INDIAN AUSTRALIAN ASSOCIATION OF SOUTH AUSTRALIA
Adjourned debate on motion of Hon. J.S. Lee:
That this council—
1. Congratulates the Indian Australian Association of South Australia for celebrating its 50th anniversary;
2. Acknowledges the commitment of the association's committee and volunteers, past and present, for continuously showcasing the vibrant Indian culture in South Australia;
3. Recognises the importance of its establishment and achievements over the last 50 years in the promotion and preservation of Indian heritage and for enriching the multicultural landscape of South Australia; and
4. Acknowledges the economic, social and cultural contributions by the Indian community in South Australia.
(Continued from 19 October 2016.)
The Hon. T.A. FRANKS ( 17:59 :10 ): It is an absolute honour to stand here on behalf of the Greens to support the Hon. Jing Lee's motion acknowledging 50 years of the Indian Australian Association of South Australia. It is impossible to highlight this organisation's commitment to peace and harmony in such a short contribution, but I shall do my best. The Indian Australian Association of South Australia (IAASA) was formed by three Indian families—the Joshua family, the Maz-Um-Dar family and the Na-yak family—who initially set up IAASA as an informal social club to interact with the Indian community 50 years ago. At the time, there were only a few handfuls of Indian families residing in our state.

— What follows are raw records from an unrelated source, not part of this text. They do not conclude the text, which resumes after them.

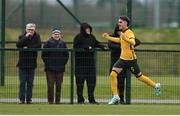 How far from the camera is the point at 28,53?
17.5 metres

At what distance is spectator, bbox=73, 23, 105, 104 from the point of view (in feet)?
→ 57.5

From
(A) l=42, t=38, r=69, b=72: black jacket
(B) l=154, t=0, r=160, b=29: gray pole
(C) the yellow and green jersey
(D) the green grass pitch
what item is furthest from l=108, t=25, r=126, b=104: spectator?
(B) l=154, t=0, r=160, b=29: gray pole

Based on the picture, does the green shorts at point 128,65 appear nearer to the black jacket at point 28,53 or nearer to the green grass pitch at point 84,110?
the green grass pitch at point 84,110

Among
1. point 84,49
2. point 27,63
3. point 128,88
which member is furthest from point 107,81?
point 27,63

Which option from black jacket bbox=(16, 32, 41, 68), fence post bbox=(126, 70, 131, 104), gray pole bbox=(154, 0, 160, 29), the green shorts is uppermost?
gray pole bbox=(154, 0, 160, 29)

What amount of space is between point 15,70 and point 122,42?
109 inches

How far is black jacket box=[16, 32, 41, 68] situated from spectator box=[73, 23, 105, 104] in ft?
2.90

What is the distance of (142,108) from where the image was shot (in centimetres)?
1575

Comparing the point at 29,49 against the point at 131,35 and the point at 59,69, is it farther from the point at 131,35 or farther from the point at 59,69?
the point at 131,35

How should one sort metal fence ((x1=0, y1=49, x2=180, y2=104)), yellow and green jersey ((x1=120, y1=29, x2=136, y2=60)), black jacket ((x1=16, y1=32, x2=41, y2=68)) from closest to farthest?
yellow and green jersey ((x1=120, y1=29, x2=136, y2=60)), black jacket ((x1=16, y1=32, x2=41, y2=68)), metal fence ((x1=0, y1=49, x2=180, y2=104))

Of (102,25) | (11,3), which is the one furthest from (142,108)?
(102,25)

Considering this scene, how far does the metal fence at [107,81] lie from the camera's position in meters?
17.8

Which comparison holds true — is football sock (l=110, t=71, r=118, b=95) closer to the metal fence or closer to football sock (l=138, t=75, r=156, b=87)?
football sock (l=138, t=75, r=156, b=87)

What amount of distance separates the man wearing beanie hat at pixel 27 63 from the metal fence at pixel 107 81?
263mm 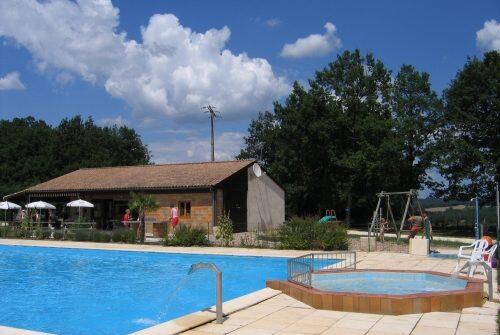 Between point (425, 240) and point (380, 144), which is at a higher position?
point (380, 144)

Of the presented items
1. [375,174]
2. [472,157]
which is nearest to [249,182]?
[375,174]

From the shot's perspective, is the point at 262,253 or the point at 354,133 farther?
the point at 354,133

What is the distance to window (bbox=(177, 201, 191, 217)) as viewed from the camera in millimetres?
29250

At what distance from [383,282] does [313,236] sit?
24.4 feet

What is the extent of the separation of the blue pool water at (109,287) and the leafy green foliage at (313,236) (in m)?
2.12

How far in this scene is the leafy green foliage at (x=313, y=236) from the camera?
1859 cm

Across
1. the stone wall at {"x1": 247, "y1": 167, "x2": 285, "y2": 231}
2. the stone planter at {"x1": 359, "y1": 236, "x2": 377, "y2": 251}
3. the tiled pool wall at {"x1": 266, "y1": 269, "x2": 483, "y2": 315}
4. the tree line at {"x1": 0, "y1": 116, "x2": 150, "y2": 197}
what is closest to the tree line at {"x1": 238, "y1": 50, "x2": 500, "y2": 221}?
the stone wall at {"x1": 247, "y1": 167, "x2": 285, "y2": 231}

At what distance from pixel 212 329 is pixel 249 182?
25206 millimetres

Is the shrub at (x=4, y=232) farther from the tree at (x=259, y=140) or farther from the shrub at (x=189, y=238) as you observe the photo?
the tree at (x=259, y=140)

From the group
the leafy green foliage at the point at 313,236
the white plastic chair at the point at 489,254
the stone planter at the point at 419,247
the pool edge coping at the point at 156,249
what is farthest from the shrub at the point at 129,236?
the white plastic chair at the point at 489,254

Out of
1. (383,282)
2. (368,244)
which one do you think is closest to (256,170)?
(368,244)

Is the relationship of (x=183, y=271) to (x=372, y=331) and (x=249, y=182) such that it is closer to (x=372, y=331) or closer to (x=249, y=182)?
(x=372, y=331)

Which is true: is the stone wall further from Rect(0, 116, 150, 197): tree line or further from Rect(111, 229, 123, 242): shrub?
Rect(0, 116, 150, 197): tree line

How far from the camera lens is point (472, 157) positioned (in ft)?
99.3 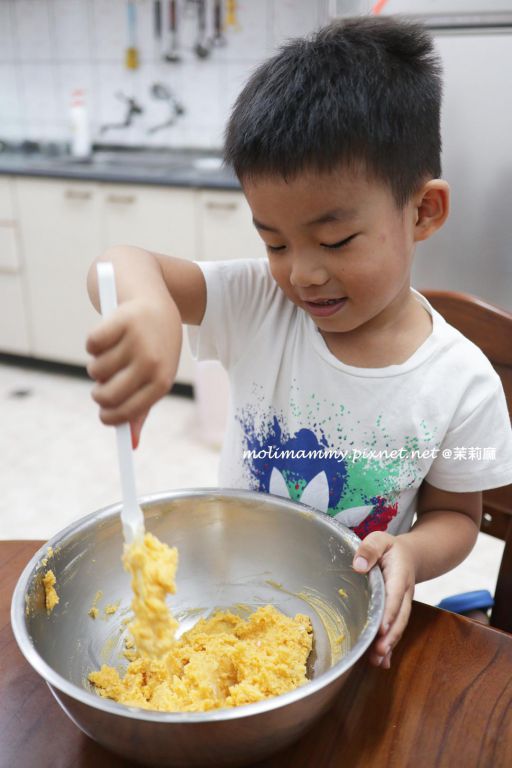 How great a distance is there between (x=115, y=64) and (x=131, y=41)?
0.41ft

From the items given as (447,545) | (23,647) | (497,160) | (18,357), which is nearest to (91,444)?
(18,357)

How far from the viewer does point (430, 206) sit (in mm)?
801

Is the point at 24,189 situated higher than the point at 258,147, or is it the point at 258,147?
the point at 258,147

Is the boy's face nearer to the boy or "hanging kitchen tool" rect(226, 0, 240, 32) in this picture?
the boy

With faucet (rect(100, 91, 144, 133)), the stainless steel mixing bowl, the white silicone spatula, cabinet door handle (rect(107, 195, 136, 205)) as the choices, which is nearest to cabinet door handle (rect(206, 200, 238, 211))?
cabinet door handle (rect(107, 195, 136, 205))

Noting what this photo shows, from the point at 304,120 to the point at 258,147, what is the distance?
0.18 feet

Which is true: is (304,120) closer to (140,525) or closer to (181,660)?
(140,525)

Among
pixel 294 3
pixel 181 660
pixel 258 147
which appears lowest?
pixel 181 660

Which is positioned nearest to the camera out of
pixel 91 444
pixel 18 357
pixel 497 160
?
pixel 497 160

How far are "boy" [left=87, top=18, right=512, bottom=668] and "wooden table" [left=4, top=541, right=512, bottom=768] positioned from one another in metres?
0.04

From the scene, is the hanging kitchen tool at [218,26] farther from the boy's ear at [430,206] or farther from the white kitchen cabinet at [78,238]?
the boy's ear at [430,206]

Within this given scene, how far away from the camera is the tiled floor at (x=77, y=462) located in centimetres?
188

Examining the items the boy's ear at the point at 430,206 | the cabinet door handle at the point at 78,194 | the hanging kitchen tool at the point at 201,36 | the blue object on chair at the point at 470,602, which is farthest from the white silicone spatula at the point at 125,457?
the hanging kitchen tool at the point at 201,36

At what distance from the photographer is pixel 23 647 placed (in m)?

The social club was set up as a formal association at their AGM held in April 1974 and the executive committee was democratically elected. The association met regularly at the North Adelaide Primary School. These meetings were an opportunity for members to get together on a Sunday afternoon, read Indian newspapers and magazines, and converse over chai. If you have not tried traditionally made Indian chai yet, Mr President, I highly recommend it.
The association currently comprises over 250 families and is the peak Indian body of South Australia, representing the diverse culture of India. The association has organised many cultural events since its commencement with Indian cultural evenings, cooking classes, Indian food fairs, and Indian dance and drama during the Adelaide Festival of the Arts. Some of their most successful events include the Indian Mela, an annual food and cultural festival which occurs every year in the month of March at Elder Park and is celebrated by roughly 6,000 people. It is a privilege to be able to celebrate a vibrant colourful culture right here in our own backyard.
The Indian community of South Australia contributes both economically and culturally to our state, making it a diverse and multicultural place to live. The community promotes peace and harmony and has always sought to be an inclusive, welcoming community by inviting people from all walks of life and backgrounds to attend their events and festivals. I know many in this place have attended Indian festivals and events, in particular the Diwali festival, or as it is also known, the light festival.
It is vital then that we recognise some of the challenges facing our migrant communities. It was incredibly disheartening to read about the Campbelltown City Council's decision to reject the Punjabi Association of South Australia's application to host the Diwali festival at Thorndon Park. Councillors John Kennedy and Neville Grigg did not support the festival, with Mr Grigg saying, 'was no way known that they will be speaking English all day,' and Mr Kennedy said, 'We will probably get them turning around, shrugging their shoulders and saying 'me know nothing'.' The quotes continue:
I am not against multiculturalism, but ethnic groups do have a habit of hiding behind their language as we have seen over the years with certain groups in Campbelltown.
This is a classic 'I'm not a racist but' comment, 'I'm not a racist but I will make a racially discriminatory comment directed specifically at a migrant community,' as occurred in this particular case. It is perceived as acceptable that comments like this, the normalised language of racism, are often used to describe people of diverse and ethnic backgrounds. It is unacceptable.
I am still perplexed as to what the 'hiding behind their language' even means, but I will say that these sorts of racist and derogatory comments have no place in our community, society or our places of decision-making whether local councils, state parliaments or federal parliaments. I note that according to the 2011 Census data there are some 788 people who identify with the Hindu religion in the city of Campbelltown. This figure may well be up to 1,000 by now, so how disappointing and disheartening it is to know that we still have racism in that community.
I believe we need to encourage members of the migrant community to speak up against racism and support those who wish to make formal complaints to bodies like the Equal Opportunity Commission. If we, as parliamentarians, engage and celebrate the cultural diversity and the festivals, we should also be standing alongside them and empowering them to stand up together to eradicate racism.
The Greens were pleased to know that the State Government and the Adelaide City Council offered the Punjabi Association public parklands for the Diwali festival and that in the end it was a very successful event. It is due to the contribution of organisations like IAASA that we celebrate diversity, and I wish them another prosperous 50 years in advancing and promoting the Indian culture of our state.
The Hon. J.S. LEE ( 18:04 :11 ): I thank the Hon. Tung Ngo and the Hon. Tammy Franks for supporting this motion to congratulate IAASA on their 50th anniversary and to recognise the rich dimension the Indian community adds to the landscape of multicultural South Australia. Their contribution has enriched all of us in the way we have demonstrate ourselves and our heritage as a very multicultural state. I thank members for their support.